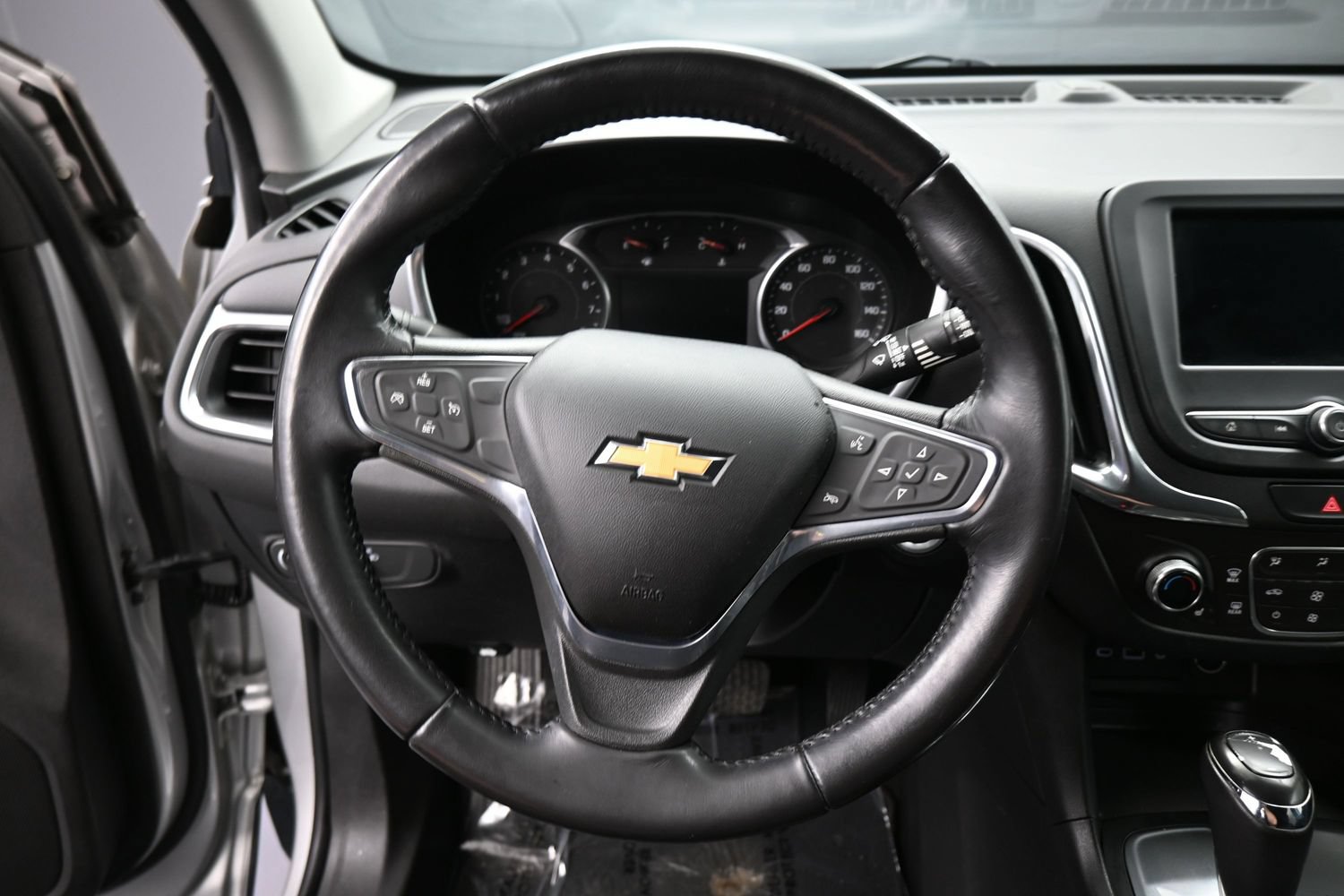 Used 2019 Chevrolet Equinox LT FWD image 14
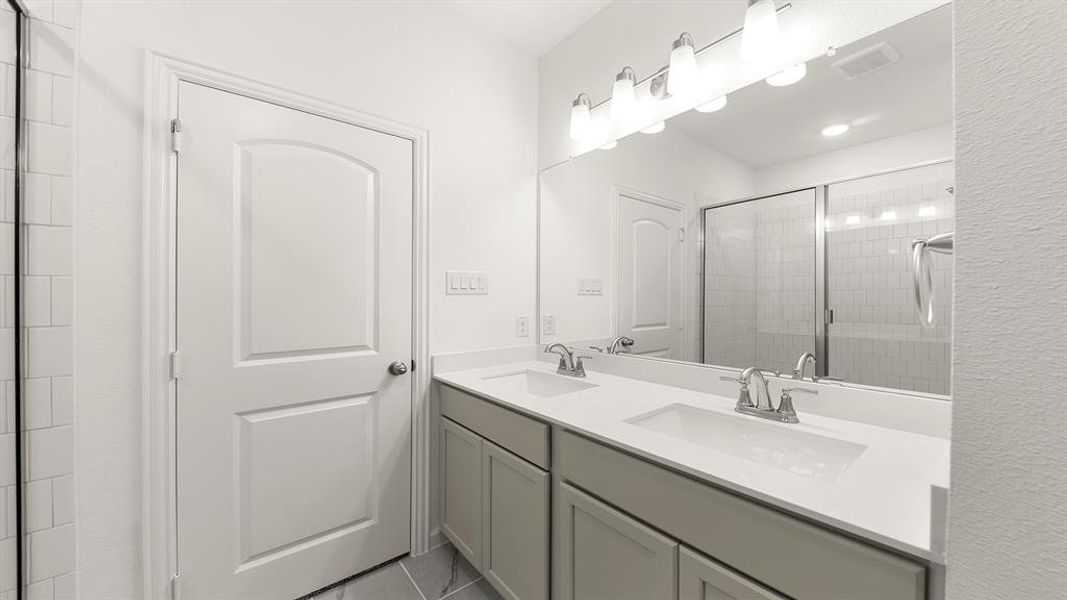 21. 2504 Yo Ranch - Bath (2) 21. 2504 Yo Ranch - Bath (2)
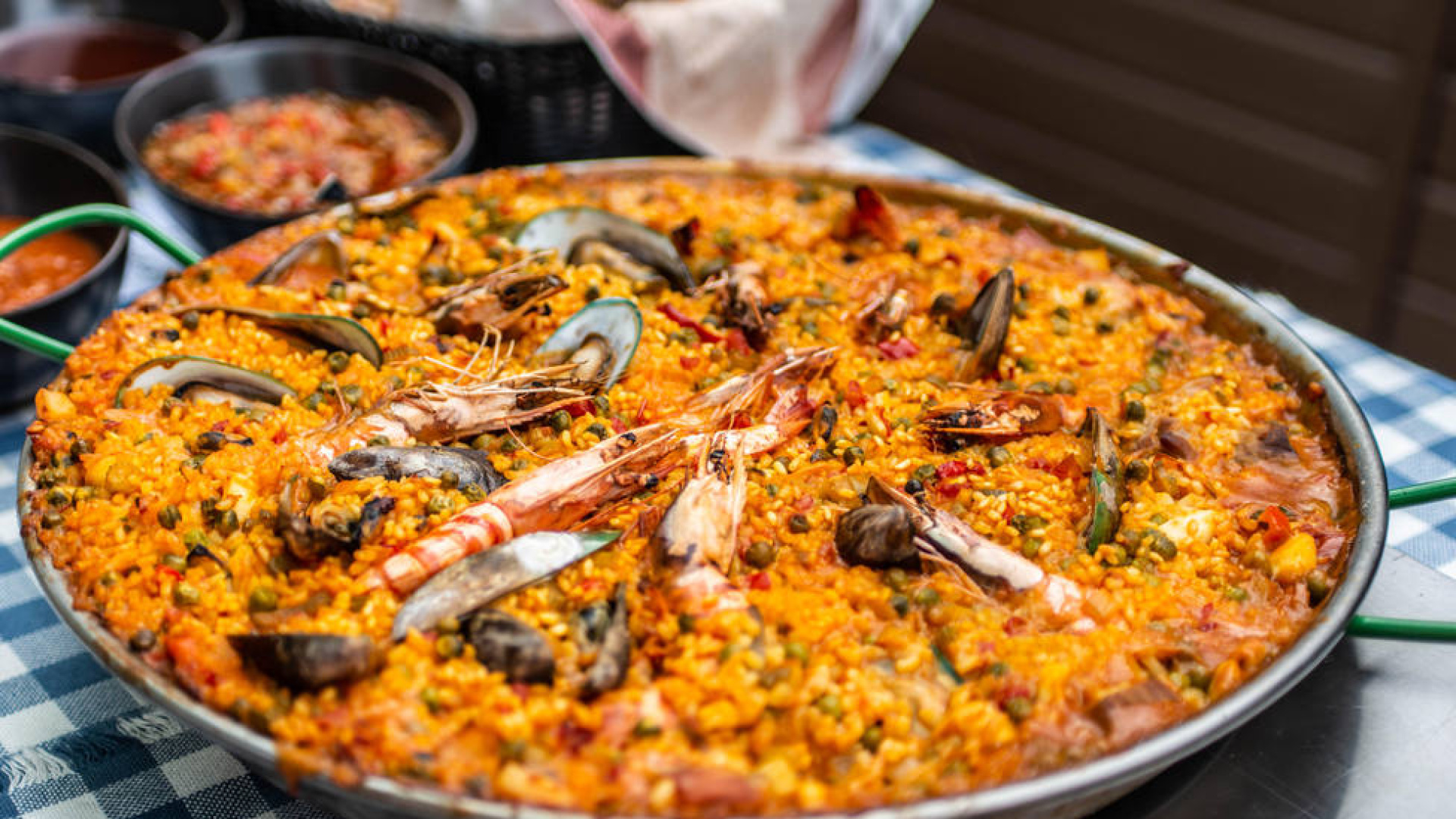 Menos espacio este año para el recinto del concurso de paellas de Aixerrota en Getxo por 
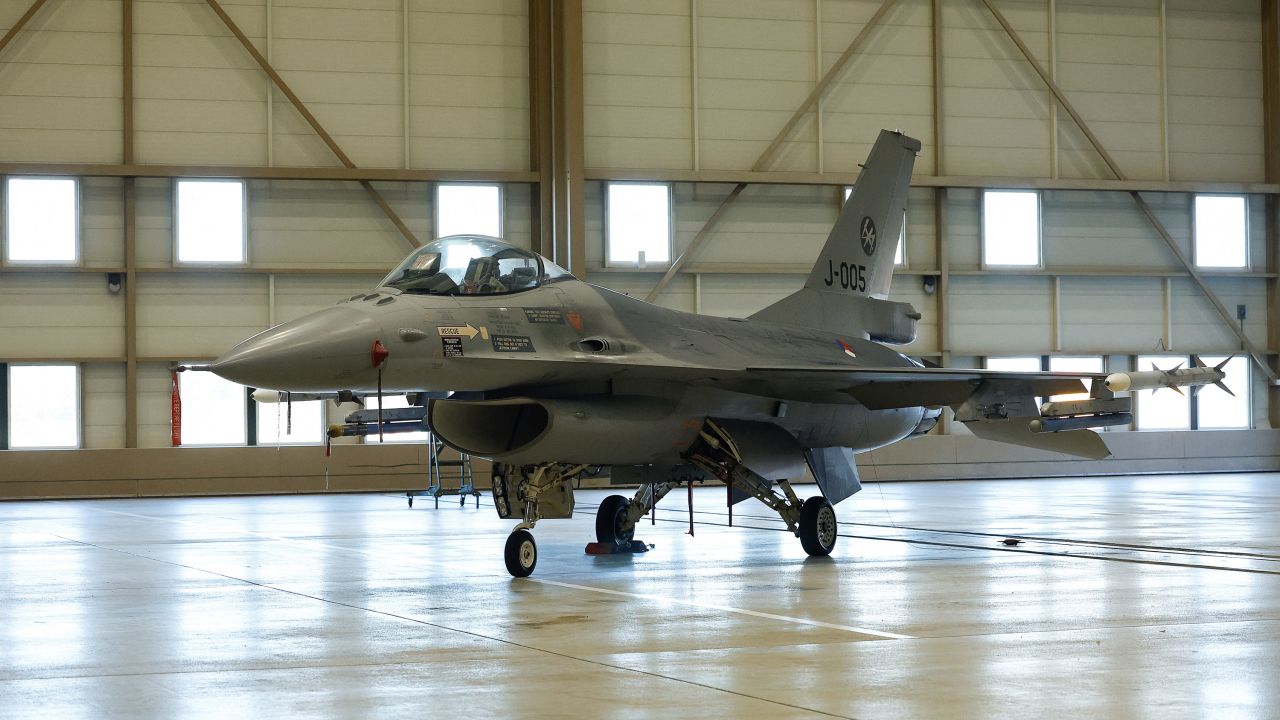 F-16 на фото в Нідерландах.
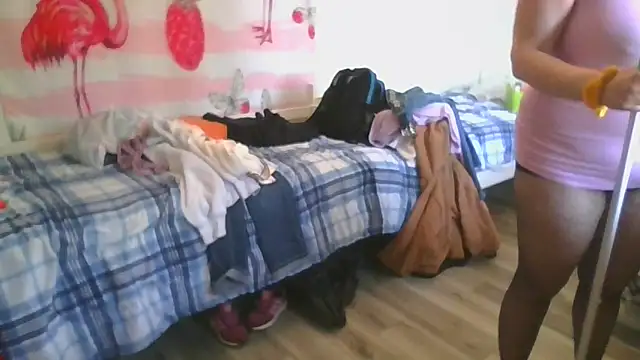 MsLG12301 online show from April 16, 2026, 5:14 pm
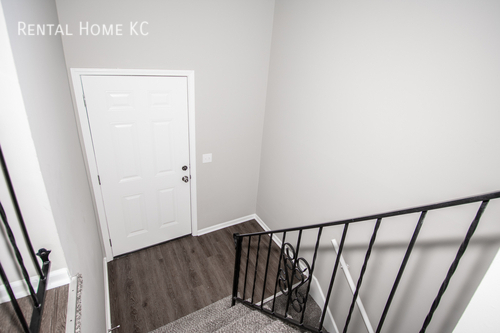 1226 E Cothrell St in Olathe, KS - Foto de edificio - Building Photo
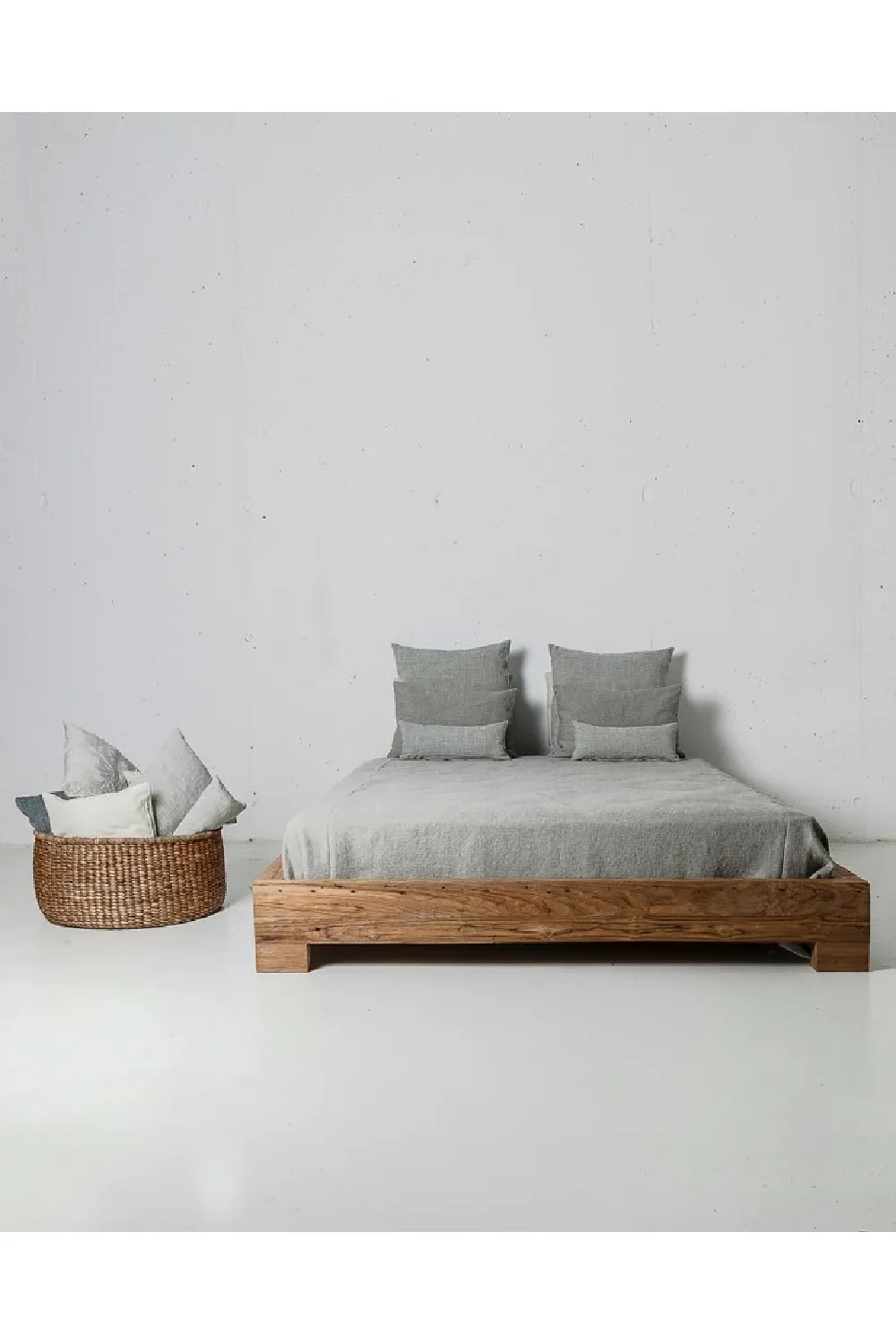 Natural Teak Bed | Dareels Solid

☆ ☆ ☆

TASK OBJECTIVE
Reproduce the listing exactly. Do not include its images.

FINISHED EXERCISE
 Used 2019 Chevrolet Equinox LT FWD image 14
 21. 2504 Yo Ranch - Bath (2) 21. 2504 Yo Ranch - Bath (2)
 Menos espacio este año para el recinto del concurso de paellas de Aixerrota en Getxo por 
 F-16 на фото в Нідерландах.
 MsLG12301 online show from April 16, 2026, 5:14 pm
 1226 E Cothrell St in Olathe, KS - Foto de edificio - Building Photo
 Natural Teak Bed | Dareels Solid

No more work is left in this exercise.